=== Assignment ===
The records that follow must be repeated exactly as they stand.

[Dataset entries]
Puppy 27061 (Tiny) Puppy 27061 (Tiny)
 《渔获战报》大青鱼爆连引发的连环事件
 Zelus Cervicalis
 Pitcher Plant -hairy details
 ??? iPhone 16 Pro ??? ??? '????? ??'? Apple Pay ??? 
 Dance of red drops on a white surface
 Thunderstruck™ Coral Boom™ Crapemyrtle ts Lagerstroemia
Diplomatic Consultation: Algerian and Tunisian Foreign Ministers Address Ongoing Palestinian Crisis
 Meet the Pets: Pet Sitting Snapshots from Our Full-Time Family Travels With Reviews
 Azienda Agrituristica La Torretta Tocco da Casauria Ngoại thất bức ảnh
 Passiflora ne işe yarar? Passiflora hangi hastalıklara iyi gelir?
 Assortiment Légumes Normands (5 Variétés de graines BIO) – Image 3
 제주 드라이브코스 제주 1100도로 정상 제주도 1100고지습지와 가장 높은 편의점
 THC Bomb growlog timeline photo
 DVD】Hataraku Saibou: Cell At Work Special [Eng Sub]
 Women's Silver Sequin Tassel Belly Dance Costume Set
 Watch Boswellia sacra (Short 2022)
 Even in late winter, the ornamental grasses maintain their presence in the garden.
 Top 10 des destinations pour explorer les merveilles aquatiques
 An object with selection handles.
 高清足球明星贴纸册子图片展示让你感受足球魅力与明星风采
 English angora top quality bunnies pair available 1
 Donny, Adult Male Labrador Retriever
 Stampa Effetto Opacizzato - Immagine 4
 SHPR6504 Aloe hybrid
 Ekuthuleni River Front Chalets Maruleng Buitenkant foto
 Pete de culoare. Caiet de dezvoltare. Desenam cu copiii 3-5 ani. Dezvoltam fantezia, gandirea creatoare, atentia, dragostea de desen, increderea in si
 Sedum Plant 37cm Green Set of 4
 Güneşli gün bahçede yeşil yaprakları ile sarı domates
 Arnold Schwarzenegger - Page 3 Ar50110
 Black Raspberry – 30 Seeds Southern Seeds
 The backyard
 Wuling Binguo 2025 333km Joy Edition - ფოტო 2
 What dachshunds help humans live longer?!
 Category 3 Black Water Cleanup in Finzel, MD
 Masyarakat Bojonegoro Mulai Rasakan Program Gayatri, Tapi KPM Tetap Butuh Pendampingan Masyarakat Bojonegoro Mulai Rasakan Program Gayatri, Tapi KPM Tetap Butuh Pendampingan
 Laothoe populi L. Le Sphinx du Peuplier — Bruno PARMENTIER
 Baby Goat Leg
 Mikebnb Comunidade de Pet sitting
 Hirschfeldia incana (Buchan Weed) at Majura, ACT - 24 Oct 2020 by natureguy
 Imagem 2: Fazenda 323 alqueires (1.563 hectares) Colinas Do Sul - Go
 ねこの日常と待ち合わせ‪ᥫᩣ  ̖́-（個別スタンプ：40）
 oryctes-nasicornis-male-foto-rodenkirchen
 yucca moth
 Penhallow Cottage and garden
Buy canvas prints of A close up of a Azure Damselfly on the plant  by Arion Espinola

=== Result ===
Puppy 27061 (Tiny) Puppy 27061 (Tiny)
 《渔获战报》大青鱼爆连引发的连环事件
 Zelus Cervicalis
 Pitcher Plant -hairy details
 ??? iPhone 16 Pro ??? ??? '????? ??'? Apple Pay ??? 
 Dance of red drops on a white surface
 Thunderstruck™ Coral Boom™ Crapemyrtle ts Lagerstroemia
Diplomatic Consultation: Algerian and Tunisian Foreign Ministers Address Ongoing Palestinian Crisis
 Meet the Pets: Pet Sitting Snapshots from Our Full-Time Family Travels With Reviews
 Azienda Agrituristica La Torretta Tocco da Casauria Ngoại thất bức ảnh
 Passiflora ne işe yarar? Passiflora hangi hastalıklara iyi gelir?
 Assortiment Légumes Normands (5 Variétés de graines BIO) – Image 3
 제주 드라이브코스 제주 1100도로 정상 제주도 1100고지습지와 가장 높은 편의점
 THC Bomb growlog timeline photo
 DVD】Hataraku Saibou: Cell At Work Special [Eng Sub]
 Women's Silver Sequin Tassel Belly Dance Costume Set
 Watch Boswellia sacra (Short 2022)
 Even in late winter, the ornamental grasses maintain their presence in the garden.
 Top 10 des destinations pour explorer les merveilles aquatiques
 An object with selection handles.
 高清足球明星贴纸册子图片展示让你感受足球魅力与明星风采
 English angora top quality bunnies pair available 1
 Donny, Adult Male Labrador Retriever
 Stampa Effetto Opacizzato - Immagine 4
 SHPR6504 Aloe hybrid
 Ekuthuleni River Front Chalets Maruleng Buitenkant foto
 Pete de culoare. Caiet de dezvoltare. Desenam cu copiii 3-5 ani. Dezvoltam fantezia, gandirea creatoare, atentia, dragostea de desen, increderea in si
 Sedum Plant 37cm Green Set of 4
 Güneşli gün bahçede yeşil yaprakları ile sarı domates
 Arnold Schwarzenegger - Page 3 Ar50110
 Black Raspberry – 30 Seeds Southern Seeds
 The backyard
 Wuling Binguo 2025 333km Joy Edition - ფოტო 2
 What dachshunds help humans live longer?!
 Category 3 Black Water Cleanup in Finzel, MD
 Masyarakat Bojonegoro Mulai Rasakan Program Gayatri, Tapi KPM Tetap Butuh Pendampingan Masyarakat Bojonegoro Mulai Rasakan Program Gayatri, Tapi KPM Tetap Butuh Pendampingan
 Laothoe populi L. Le Sphinx du Peuplier — Bruno PARMENTIER
 Baby Goat Leg
 Mikebnb Comunidade de Pet sitting
 Hirschfeldia incana (Buchan Weed) at Majura, ACT - 24 Oct 2020 by natureguy
 Imagem 2: Fazenda 323 alqueires (1.563 hectares) Colinas Do Sul - Go
 ねこの日常と待ち合わせ‪ᥫᩣ  ̖́-（個別スタンプ：40）
 oryctes-nasicornis-male-foto-rodenkirchen
 yucca moth
 Penhallow Cottage and garden
Buy canvas prints of A close up of a Azure Damselfly on the plant  by Arion Espinola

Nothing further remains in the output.